══ Data provided

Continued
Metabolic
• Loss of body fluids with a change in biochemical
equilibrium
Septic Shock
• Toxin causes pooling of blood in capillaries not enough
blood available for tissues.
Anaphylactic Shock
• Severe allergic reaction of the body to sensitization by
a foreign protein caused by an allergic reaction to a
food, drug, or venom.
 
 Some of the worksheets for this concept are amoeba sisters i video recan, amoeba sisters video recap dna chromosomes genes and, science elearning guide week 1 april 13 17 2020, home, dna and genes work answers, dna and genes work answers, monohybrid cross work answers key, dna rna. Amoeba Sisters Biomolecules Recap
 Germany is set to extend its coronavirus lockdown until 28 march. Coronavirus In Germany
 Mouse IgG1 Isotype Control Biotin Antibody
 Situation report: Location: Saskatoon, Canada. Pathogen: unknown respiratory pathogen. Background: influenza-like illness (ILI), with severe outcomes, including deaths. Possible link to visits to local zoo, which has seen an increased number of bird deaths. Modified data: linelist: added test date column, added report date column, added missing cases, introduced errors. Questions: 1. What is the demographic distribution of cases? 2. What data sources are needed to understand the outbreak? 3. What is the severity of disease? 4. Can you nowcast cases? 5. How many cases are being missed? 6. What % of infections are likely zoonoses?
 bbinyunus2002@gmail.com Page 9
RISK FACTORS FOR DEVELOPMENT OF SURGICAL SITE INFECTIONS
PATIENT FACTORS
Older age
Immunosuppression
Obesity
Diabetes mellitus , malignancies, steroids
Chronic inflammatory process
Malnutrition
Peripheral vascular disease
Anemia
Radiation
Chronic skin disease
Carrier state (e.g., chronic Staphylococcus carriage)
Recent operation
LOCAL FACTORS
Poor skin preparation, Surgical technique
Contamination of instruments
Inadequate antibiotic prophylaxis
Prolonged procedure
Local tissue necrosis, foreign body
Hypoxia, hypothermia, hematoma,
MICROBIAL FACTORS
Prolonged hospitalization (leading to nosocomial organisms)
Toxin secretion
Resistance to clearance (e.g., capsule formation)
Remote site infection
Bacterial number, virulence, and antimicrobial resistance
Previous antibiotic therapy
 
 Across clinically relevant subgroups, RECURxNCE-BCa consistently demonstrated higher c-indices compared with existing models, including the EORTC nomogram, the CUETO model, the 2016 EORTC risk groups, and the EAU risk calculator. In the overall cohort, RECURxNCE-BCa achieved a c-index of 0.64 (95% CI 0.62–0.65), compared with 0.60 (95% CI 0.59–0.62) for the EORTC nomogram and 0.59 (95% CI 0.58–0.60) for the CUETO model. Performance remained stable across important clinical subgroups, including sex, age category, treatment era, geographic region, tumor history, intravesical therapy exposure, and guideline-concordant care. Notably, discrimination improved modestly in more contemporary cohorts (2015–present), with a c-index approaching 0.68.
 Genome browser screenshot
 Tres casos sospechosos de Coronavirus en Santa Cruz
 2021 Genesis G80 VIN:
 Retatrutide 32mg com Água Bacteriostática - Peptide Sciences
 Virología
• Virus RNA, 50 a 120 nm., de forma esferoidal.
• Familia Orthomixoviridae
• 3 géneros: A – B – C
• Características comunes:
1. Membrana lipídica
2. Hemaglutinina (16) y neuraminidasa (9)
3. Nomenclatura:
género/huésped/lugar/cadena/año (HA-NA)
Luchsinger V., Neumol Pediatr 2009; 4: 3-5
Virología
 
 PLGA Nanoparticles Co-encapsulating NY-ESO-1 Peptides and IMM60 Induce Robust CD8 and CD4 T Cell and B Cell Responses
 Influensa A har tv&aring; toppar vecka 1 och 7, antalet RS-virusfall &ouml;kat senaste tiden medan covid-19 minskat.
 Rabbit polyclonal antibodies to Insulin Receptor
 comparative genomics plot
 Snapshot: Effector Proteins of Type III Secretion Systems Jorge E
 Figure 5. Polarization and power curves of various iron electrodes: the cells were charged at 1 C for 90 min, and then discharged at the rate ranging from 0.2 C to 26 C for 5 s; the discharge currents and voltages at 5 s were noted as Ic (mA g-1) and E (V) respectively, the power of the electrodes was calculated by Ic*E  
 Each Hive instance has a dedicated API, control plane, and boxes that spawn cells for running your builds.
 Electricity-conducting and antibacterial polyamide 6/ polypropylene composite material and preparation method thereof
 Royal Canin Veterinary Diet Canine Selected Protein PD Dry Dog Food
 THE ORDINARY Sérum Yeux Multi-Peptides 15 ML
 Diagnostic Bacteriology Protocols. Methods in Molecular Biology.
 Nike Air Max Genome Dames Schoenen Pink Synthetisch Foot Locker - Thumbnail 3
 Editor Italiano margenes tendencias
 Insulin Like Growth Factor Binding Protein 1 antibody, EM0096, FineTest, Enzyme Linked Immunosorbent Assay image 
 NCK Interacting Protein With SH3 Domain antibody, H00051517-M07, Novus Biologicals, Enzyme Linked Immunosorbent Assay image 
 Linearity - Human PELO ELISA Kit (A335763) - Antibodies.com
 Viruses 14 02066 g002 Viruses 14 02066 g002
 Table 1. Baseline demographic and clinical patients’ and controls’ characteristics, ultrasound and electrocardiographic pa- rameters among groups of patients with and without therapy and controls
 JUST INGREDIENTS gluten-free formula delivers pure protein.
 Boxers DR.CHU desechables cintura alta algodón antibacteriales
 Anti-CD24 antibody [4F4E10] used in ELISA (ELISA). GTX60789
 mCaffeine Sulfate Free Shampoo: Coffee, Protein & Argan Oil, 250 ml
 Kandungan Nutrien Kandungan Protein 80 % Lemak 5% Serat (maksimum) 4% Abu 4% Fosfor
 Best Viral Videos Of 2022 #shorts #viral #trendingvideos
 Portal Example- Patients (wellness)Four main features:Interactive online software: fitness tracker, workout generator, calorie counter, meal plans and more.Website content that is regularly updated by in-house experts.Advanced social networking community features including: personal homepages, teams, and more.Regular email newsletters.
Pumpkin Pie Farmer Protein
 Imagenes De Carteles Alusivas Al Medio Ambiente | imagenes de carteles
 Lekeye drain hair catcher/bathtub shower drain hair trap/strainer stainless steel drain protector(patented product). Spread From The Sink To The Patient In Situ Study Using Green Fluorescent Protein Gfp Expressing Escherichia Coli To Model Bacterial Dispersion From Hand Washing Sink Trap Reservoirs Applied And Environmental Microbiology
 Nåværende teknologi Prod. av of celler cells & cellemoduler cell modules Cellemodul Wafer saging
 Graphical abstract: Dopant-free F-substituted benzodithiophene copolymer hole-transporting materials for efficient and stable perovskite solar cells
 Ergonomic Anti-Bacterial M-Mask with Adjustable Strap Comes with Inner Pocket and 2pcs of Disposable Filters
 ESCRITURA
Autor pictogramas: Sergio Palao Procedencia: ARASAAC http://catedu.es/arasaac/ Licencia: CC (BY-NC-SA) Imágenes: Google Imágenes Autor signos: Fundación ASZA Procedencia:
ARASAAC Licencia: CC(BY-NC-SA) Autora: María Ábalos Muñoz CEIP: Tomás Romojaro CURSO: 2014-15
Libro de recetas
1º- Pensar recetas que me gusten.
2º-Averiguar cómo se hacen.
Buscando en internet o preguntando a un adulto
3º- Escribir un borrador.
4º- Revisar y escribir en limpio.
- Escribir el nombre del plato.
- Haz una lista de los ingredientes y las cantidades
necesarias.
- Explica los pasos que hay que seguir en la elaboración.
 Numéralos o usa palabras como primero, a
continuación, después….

════

** Work instructions **
Exactly the lines from the one with "ARASAAC Licencia: CC(BY-NC-SA)" through the final line of the entries are to be returned, both ends included.

** The answer **
ARASAAC Licencia: CC(BY-NC-SA) Autora: María Ábalos Muñoz CEIP: Tomás Romojaro CURSO: 2014-15
Libro de recetas
1º- Pensar recetas que me gusten.
2º-Averiguar cómo se hacen.
Buscando en internet o preguntando a un adulto
3º- Escribir un borrador.
4º- Revisar y escribir en limpio.
- Escribir el nombre del plato.
- Haz una lista de los ingredientes y las cantidades
necesarias.
- Explica los pasos que hay que seguir en la elaboración.
 Numéralos o usa palabras como primero, a
continuación, después….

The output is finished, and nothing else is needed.